### Dataset content
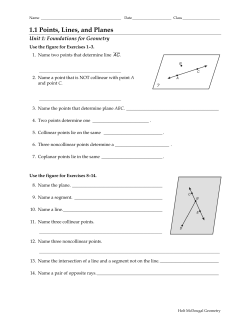 1.1 Points, Lines, and Planes - Garnet Valley School District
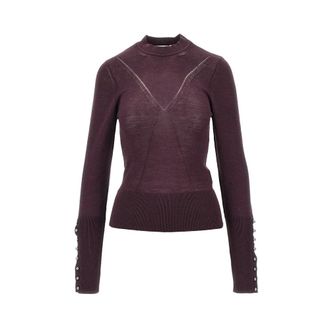 Paco Rabanne Su&eacute;ter de mezcla de seda y lana merino - Knitwear - Mujer - P&uacute;rpura - M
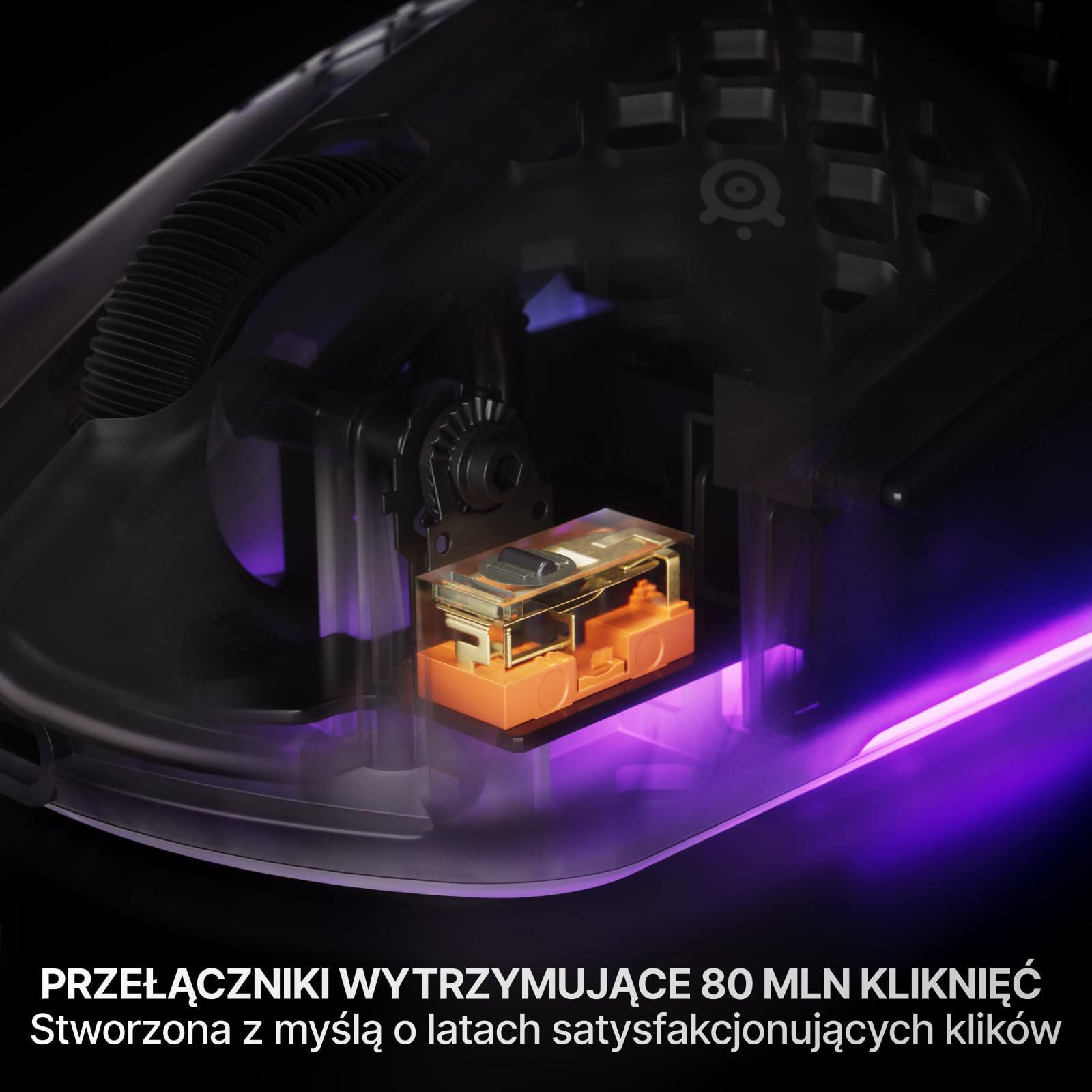 SteelSeries Aerox 3 Wireless Gen 2 – superlekka mysz dla graczy, polling 4K, sensor optyczny 26K DPI, 200 godzin pracy, wodoodporność IP54, 80 mln kliknięć, RGB, ślizgacze 100% PTFE, Shadow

### Work request
For this copy, leave pictures out and reproduce the lines from the one bearing "Paco Rabanne Su&eacute;ter" through the final line of the listing above, both ends included.

### Solved exercise
 Paco Rabanne Su&eacute;ter de mezcla de seda y lana merino - Knitwear - Mujer - P&uacute;rpura - M
 SteelSeries Aerox 3 Wireless Gen 2 – superlekka mysz dla graczy, polling 4K, sensor optyczny 26K DPI, 200 godzin pracy, wodoodporność IP54, 80 mln kliknięć, RGB, ślizgacze 100% PTFE, Shadow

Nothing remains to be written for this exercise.